Deze zaag- en oliemolen was een rietgedekte achtkante stellingmolen op een houten tussen- en onderstuk. De kap was met (geteerd) riet gedekt. De roeden waren oudhollands opgehekt en hadden in 1831 een vlucht van 75 voet. De zaagmolen was uitgerust met drie sleden. De oliemolen was in 1831 uitgerust met zes stampers, twee heien, twee bakken samen groot 150 aam. De olieslagerij bevond zich in een schuur naast de molen.

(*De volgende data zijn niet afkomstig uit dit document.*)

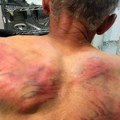 Prebijeni Srbin prevezen u Urgentni centar u Beogradu! Kosovska policija vezala Nenada Raškovića za drvo i brutalno ga tukla…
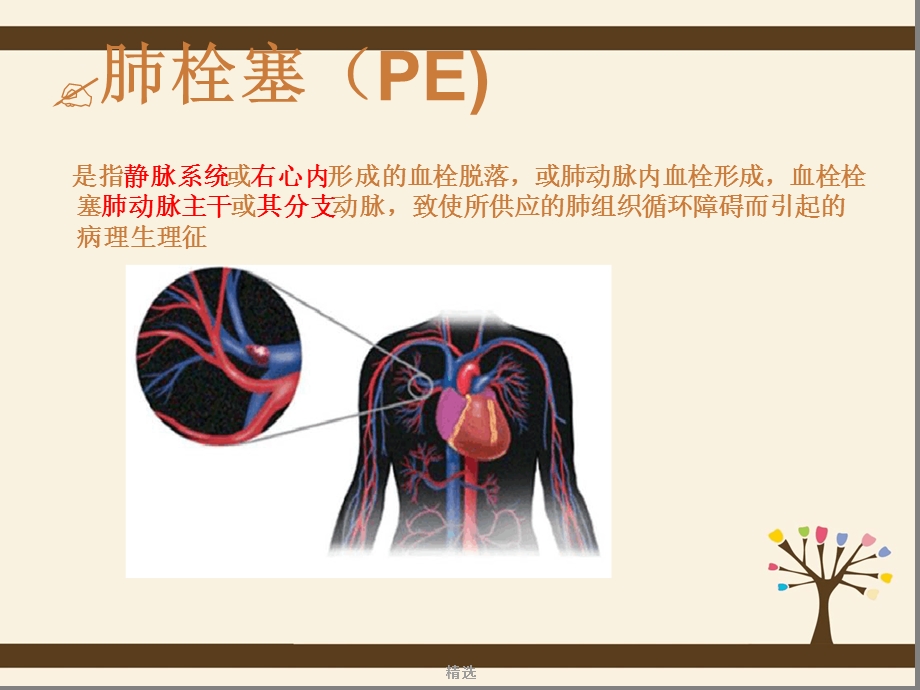 肺栓塞完整最新课件.ppt_第3页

De molen is gebouwd in 1819 in opdracht van de gebroeders C. en D. Nanninga. De aanbesteding vond op 28 oktober 1818 plaats. Eigenaars zijn geweest: tot 1839 de firma C. en D. Nanninga; tot 1849 D. Nanninga; H.(D.) Nanninga (overleden 1865) en B. Nanninga (overleden 1866); Arnold Nanninga (overleden 1883); sinds 1883 Jacob Nanninga Azn; sinds 1886 Kornelis J. Reitzema; in 1904 Sleumer. In 1897 ging Kornelis J. Reitzema over op stoomkracht (16 pk).

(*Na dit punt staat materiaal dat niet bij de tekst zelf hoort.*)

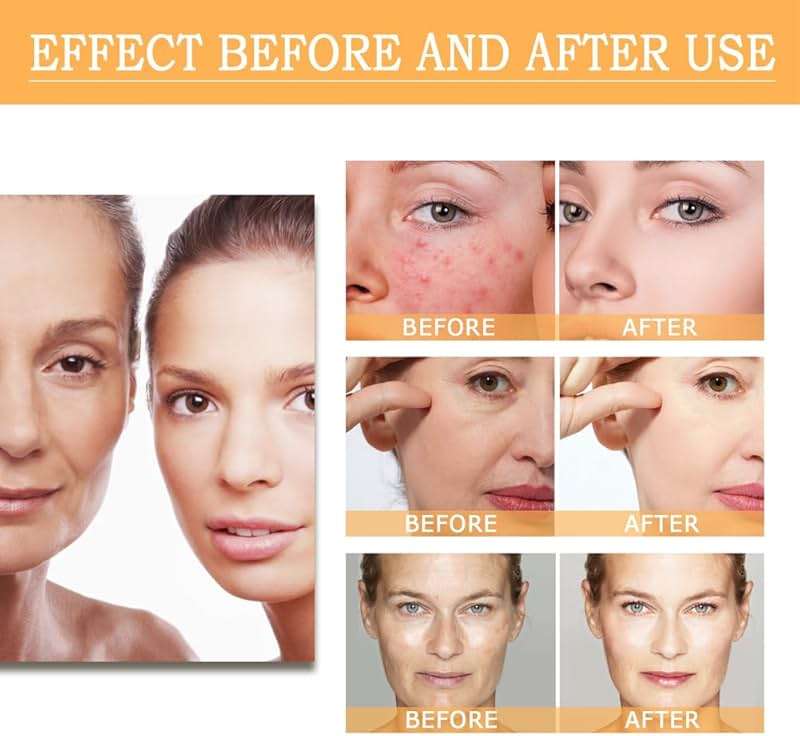 7% Glycolic Acid Exfoliating Toner, Gentle Exfoliating Toner, Smooth Skin, Restores Skin Vitality and Refreshing, Hydrating Formula, Pore Minimizer-240ml/8.44 fl.oz. - Image 4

Op 16 januari 1867 vindt er, ten verzoeke van de weduwe en erven B.D. Nanninga en Cons, een publieke verkoop plaats van: “Een wind-houtzaag- en oliemolen, met de daarbij aanwezige net betimmerde heerenbehuizing, voorzien van houtstek, loots en knechtenwoning” (LC 28 december 1866).
De molen is afgebrand tijdens onweer op 16 april 1904.
Standplaats: aan de zuidzijde van het dorp aan het Boterdiep oostzijde, 900 m ten zuidoosten van de kerk. Coördinaten: 240,78#602,8.